Le TPI confirme une décision de la Commission concernant la récupération d'une aide illégale octroyée à Scott Paper

Bruxelles, 10/04/2003 (Agence Europe) - Le Tribunal de première instance (TPI) a confirmé la décision de la Commission européenne de juillet 2000 qui ordonnait aux autorités françaises de récupérer auprès de la société américaine Scott Paper Company (produits en papier et papier hygiénique) une aide d'Etat illégale qui lui avait été accordée en août 1987. L'aide consistait en des conditions préférentielles auxquelles la ville d'Orléans et le conseil général du Loiret avaient vendu 48 hectares de la zone résidentielle de La Saussaye à Scott Paper pour la construction d'une usine-entrepôt. Suite à une plainte, la Commission avait adressé le 17 janvier 1997 à la France une lettre dans laquelle elle lui demandait une première fois des informations au sujet de cette aide. Après moult échanges, une procédure avait été ouverte le 20 mai 1998 car la Commission avait encore des doutes à propos de la légalité de l'aide. Le 12 juillet 2000, et après de nombreuses sollicitations auprès des autorités françaises qui ne lui donnaient jamais des informations complètes, la Commission décidait de son illégalité.
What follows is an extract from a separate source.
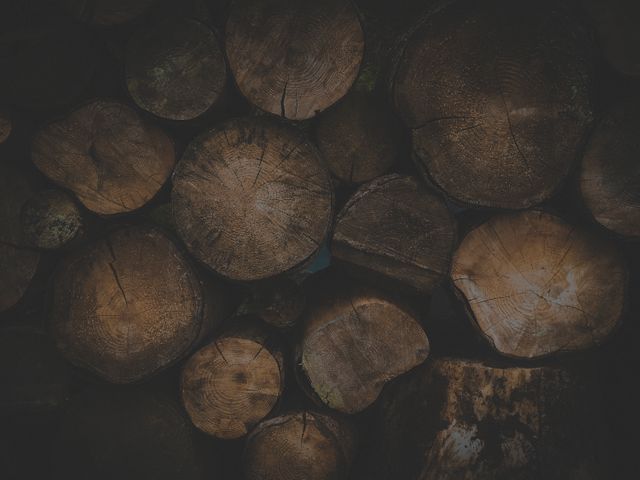 Stacked Wooden Logs in a Dark Forest - Download Free Stock Photos Pikwizard.com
Suite à cette décision, les autorités locales, soutenues par Scott Paper, introduisaient un recours devant le TPI du fait du délai de prescription de 10 ans introduit par le règlement de procédure sur les aides d'Etat de 1999. Selon la règle de prescription, la Commission ne peut pas demander le remboursement d'une aide accordée dix ans auparavant, sans qu'il y ait une intervention de la part de la Commission durant cette période. Les parties soutenaient que le délai avait expiré en août 1997 car il n'avait jamais été suspendu par un acte formel de la Commission ni par une notification à Scott Paper. Le TPI vient de rejeter cette requête. Il constate en effet que le délai de prescription de dix ans a bien été interrompu par l'envoi de la première demande formelle d'informations en janvier 1997 et que l'aide accordée pouvait donc faire l'objet d'une récupération. La Commission se félicite de cette décision, « très importante pour la politique qu'elle mène en matière d'examen des aides d'Etat », a indiqué Tilman Lueder, porte-parole du Commissaire Monti.